By recognizing Sen's brand of welfare Economics the Royal Swedish Academy of Science (that conferred the honor on him) also recognized the limits of neo-liberal economics in the age of globalization. Sen, of course is not against economic reform but, India giving too much of emphasis on liberalization since 1991 has let him conclude that "reform without simultaneously effecting radical changes in social policy, including those governing basic education, ownership patterns, elementary health care and the status of women could be a self-defeating exercise. Sen sees economic development in terms of expansion of opportunities that the individual in society enjoys. For Sen what is important is not whether there is equality but what type of equality—not more or less governance but what type of governance. His association with Sukhamoy Chakravarty in the '60s and K.N. Raj in the 70s were decisive in taking up India as a laboratory, a great sounding board on which to test some of his greatest ideas. India's heterogeneous character and wide disparities excites him. It was quite justified to choose a povertarian for the Prize when even Jeffery Sachs in The Economist has written a special article on 'what is wrong with global capitalism'. India's economic growth is checked by the human factor which most of the industrialists treat with contempt. 'Sen's basic theory, as Shekhar says 'is that it is the quality of population that determines country's growth and its sustainability'. Thus the State should invest in the quality of its population.

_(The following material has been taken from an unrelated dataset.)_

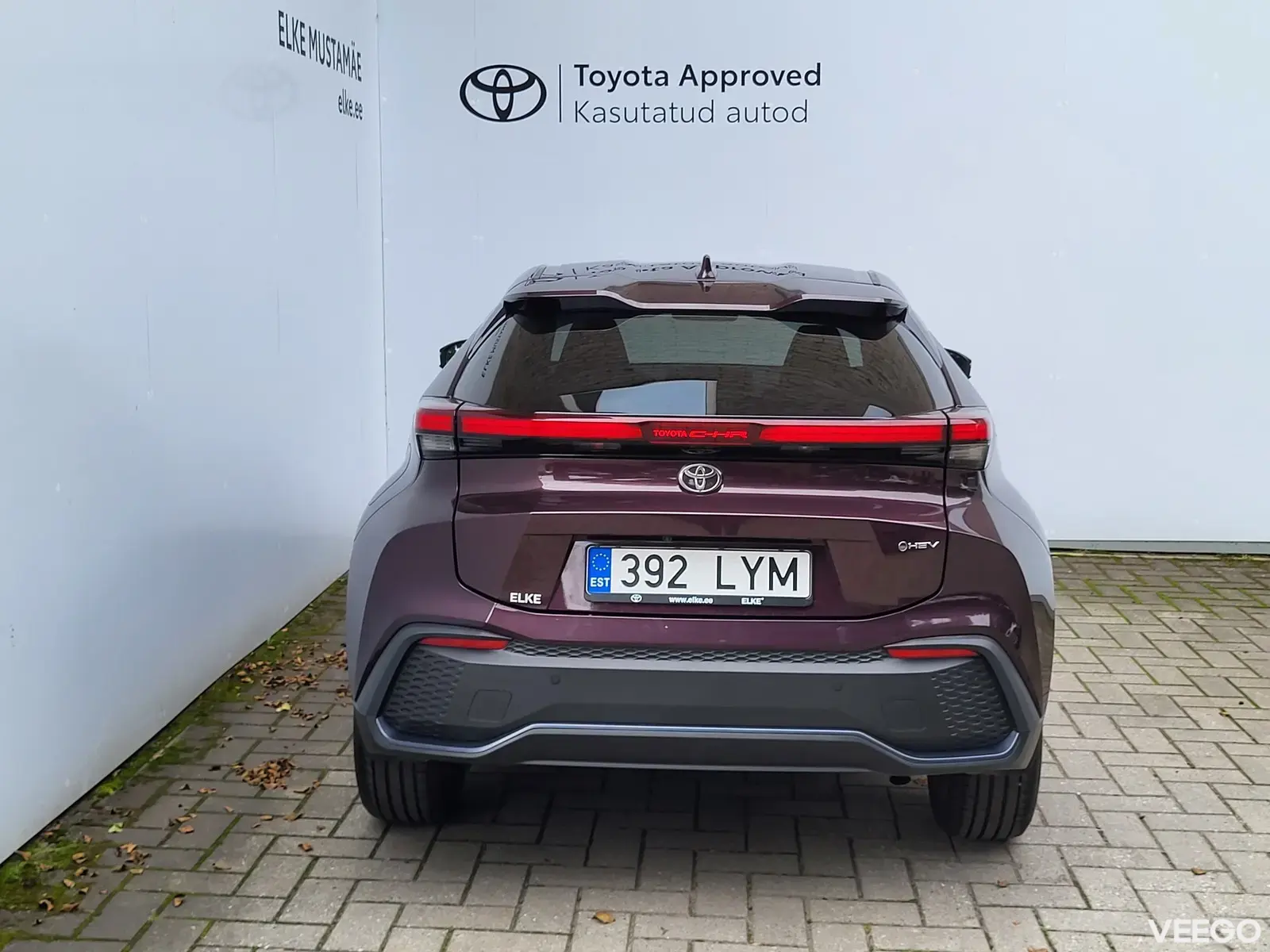 Toyota C-HR 1.8 72kW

Better educated and healthier people have a better quality of life and consume more. That is what the industries need. The protection of industries in the countries should be stopped.

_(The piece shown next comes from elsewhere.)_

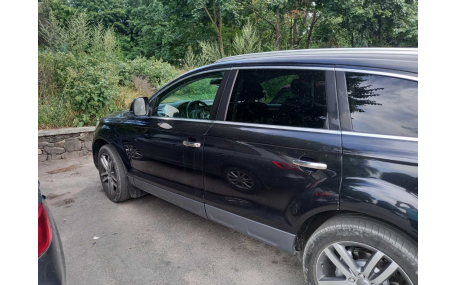 Хром накладки Audi Q7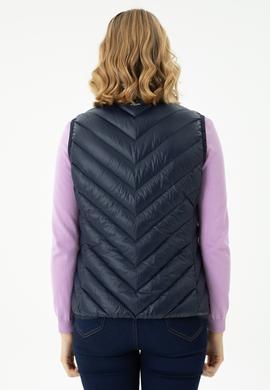 Kadın Lacivert Yelek - 50269099002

Decentralization of elementary Education


A few years back Sen While delivering a lecture in Delhi drew attention to the paradox that although India produced six times as many graduates as China there were six times fewer children in primary schools in the country. Thus, as Aiyar has said, decentralization of elementary education and funding it by the government will bring about a revolution of empowerment of the weakest segment in our nation building that Sen has hinted at. Education at lower levels works miracles in economic progress in the developing countries. That is how Hong Kong, South Korea and China have made progress by making massive investments in the quality of their population. Literacy level in Korea in 1980 rose to 93 from 71 of 1960 while India moved to mere 36 from 28 of 60s. While we may he proud of 50% literacy (with many false reports) India has achieved the level of 80. Among the younger Chinese it is almost universal. It is rather sad that our national literacy rate is four points lower than even the 'darkest region in the dark continent'. It has resulted in infant mortality in Orissa 124 per thousand while it is 104 in sub-Saharan Africa. Life expectancy at birth too is a mirror, of the economic achievement because of social conditions. In 1990 it was only 59 in India while in Thailand 66, Malaysia 70, Philippines 64, Indonesia it was 62. That is why the ASEAN countries are much ahead of India in economic posture.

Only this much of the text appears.